Ce qui l’anime c’est l’observation de ce qui marche mais aussi de ce qui ne marche pas. Son objectif : apprendre, tirer des enseignements pour la suite, même si chaque chantier est spécifique « il y a une forte composante territoriale dans les projets de déconstruction sélective, l’environnement, le tissu d’acteur, les besoins du territoire sont centraux dans la détermination de la stratégie et des actions ».

« Ce que je souhaite, c’est généraliser une démarche d’économie circulaire lors des déconstructions, et même créer la méthode Vivest de la démolition. A termes, les choses apprises nous permettrons d’aller plus vite et de trouver un meilleur équilibre économique ».

Même s’il est trop tôt pour établir un retour d’expérience et tirer un bilan, il se dit « très satisfait de l’accompagnement du groupement ». Le choix d’un acteur local, bien implanté auprès de l’éco-système territorial lui parait un atout certain. Dans ce domaine où tout est à construire, l’expérience de Fibres-Energivie dans l’accompagnement à la structuration des filières ainsi que sa capacité à aller identifier des co-financements publics ont motivés le choix du groupement comme AMO déconstruction. Il a également apprécié le rôle de pédagogue et de formateur que le duo Fibres-Energivie-BOMA a pu jouer auprès de l’interne comme de l’externe.

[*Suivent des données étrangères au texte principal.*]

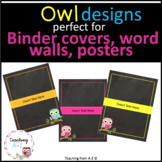 EDITABLE Chalkboard Owl-Themed Binder Covers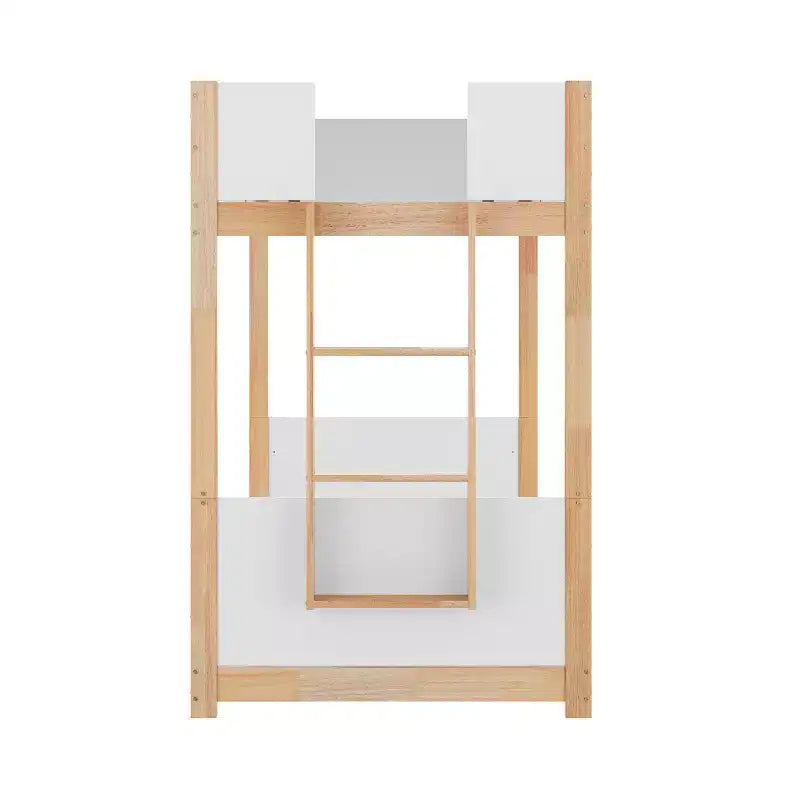 Lit superposé pour enfants en bois massif transformable, deux lits jumeaux, avec échelle, sommier tapissier non requis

Au final, ces projets permettent à Vivest de se former et de progresser sur les démarches d’économie circulaire. Ils contribuent aussi à bien d’autres objectifs du bailleur : la densification, la mixité sociale, l’amélioration du cadre de vie. L’adaptation au territoire est un point crucial à prendre en compte, mais la méthodologie acquise reste généralisable sur des projets futurs.